Conflict is inevitable within communities and schools; however, when conflict turns violent, the public’s awareness and concern for school safety increases.
Conflict is inevitable within communities and schools; however, when conflict turns violent, the public’s awareness and concern for school safety increases. Decades of research demonstrate the significant effect of aggressive behavior on the classroom environment, and teachers view such behavior as seriously undermining the learning potential of students. Research also shows that youth who are prone to violent or aggressive behavior lack important social skills, including impulse control, problem solving, and anger management.
Conflict-resolution programs can help reclaim the peaceful sanctuary of school settings. Research has found that most programs reduce the time educators spend on conflicts, improve school climate and increase effective problem-solving and self-control skills in students. School-based mediation and conflict resolution can be integrated into content areas, improving both comprehension and critical thinking and is proven to have a lasting positive impact on both social-emotional and academic performance.
Conflict resolution is a skill that requires practice. Following are three research-based techniques to consider implementing in your program.

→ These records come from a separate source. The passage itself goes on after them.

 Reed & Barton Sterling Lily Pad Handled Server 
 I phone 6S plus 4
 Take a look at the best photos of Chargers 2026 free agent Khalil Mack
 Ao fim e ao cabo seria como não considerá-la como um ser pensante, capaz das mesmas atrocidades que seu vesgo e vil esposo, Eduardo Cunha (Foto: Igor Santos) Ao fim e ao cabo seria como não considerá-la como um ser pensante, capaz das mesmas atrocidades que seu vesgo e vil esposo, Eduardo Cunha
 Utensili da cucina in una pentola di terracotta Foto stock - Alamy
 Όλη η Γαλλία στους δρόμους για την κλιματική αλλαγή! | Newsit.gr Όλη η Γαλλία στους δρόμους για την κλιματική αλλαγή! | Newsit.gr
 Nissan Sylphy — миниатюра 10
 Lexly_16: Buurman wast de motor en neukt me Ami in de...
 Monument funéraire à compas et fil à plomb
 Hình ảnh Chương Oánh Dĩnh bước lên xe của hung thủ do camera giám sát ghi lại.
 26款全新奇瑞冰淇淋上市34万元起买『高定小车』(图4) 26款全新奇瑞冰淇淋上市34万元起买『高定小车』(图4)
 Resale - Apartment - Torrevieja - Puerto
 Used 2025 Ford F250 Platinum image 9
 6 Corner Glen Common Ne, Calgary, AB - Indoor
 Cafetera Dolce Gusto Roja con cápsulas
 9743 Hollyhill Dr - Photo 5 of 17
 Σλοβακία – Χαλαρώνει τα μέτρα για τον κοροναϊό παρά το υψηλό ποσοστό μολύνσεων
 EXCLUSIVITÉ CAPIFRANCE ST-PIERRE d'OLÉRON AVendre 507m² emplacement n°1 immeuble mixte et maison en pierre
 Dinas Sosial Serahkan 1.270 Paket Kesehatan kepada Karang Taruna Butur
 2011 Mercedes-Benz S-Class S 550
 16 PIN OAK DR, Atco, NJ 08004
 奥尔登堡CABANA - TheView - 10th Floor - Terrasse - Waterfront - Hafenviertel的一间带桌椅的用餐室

- Peace Path: Provide guided steps to resolving conflicts. Let students post them on a wall or paint them on the playground. Open-ended statements such as, “How would you feel?” or “What happened?” are particularly effective. Encourage students to brainstorm solutions and think about how they would feel in a conflict situation.
- Conflict Managers: Identify and train student leaders to become conflict managers. Student mediators should be available to help students, lead by example and teach conflict-resolution techniques.
- Messages: Children often blame others when conflict arises. Teach students to recognize emotions, both in themselves and others. Encourage using I statements, such as, “I feel sad when you don’t play with me.” Guide children to talk out their conflicts with I messages before discussing possible solutions.
Educators can support students as they solve their own conflicts, building a sense of empowerment and confidence that will serve children in higher education and the workplace.